- **TASK**
Print each record below character for character.

*** Begin section ***

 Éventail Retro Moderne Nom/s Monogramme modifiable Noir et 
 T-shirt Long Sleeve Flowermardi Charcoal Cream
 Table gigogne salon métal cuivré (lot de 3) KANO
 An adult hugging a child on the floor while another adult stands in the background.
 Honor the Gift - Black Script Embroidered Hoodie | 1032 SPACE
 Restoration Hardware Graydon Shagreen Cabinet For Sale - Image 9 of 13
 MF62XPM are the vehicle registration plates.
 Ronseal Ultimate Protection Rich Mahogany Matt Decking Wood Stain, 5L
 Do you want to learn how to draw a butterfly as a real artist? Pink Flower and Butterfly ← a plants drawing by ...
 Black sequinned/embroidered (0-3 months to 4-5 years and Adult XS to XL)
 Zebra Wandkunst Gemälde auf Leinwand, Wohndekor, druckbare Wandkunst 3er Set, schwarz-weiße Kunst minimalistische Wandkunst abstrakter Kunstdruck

*** End section ***

- **REPLY TO THE TASK**
 Éventail Retro Moderne Nom/s Monogramme modifiable Noir et 
 T-shirt Long Sleeve Flowermardi Charcoal Cream
 Table gigogne salon métal cuivré (lot de 3) KANO
 An adult hugging a child on the floor while another adult stands in the background.
 Honor the Gift - Black Script Embroidered Hoodie | 1032 SPACE
 Restoration Hardware Graydon Shagreen Cabinet For Sale - Image 9 of 13
 MF62XPM are the vehicle registration plates.
 Ronseal Ultimate Protection Rich Mahogany Matt Decking Wood Stain, 5L
 Do you want to learn how to draw a butterfly as a real artist? Pink Flower and Butterfly ← a plants drawing by ...
 Black sequinned/embroidered (0-3 months to 4-5 years and Adult XS to XL)
 Zebra Wandkunst Gemälde auf Leinwand, Wohndekor, druckbare Wandkunst 3er Set, schwarz-weiße Kunst minimalistische Wandkunst abstrakter Kunstdruck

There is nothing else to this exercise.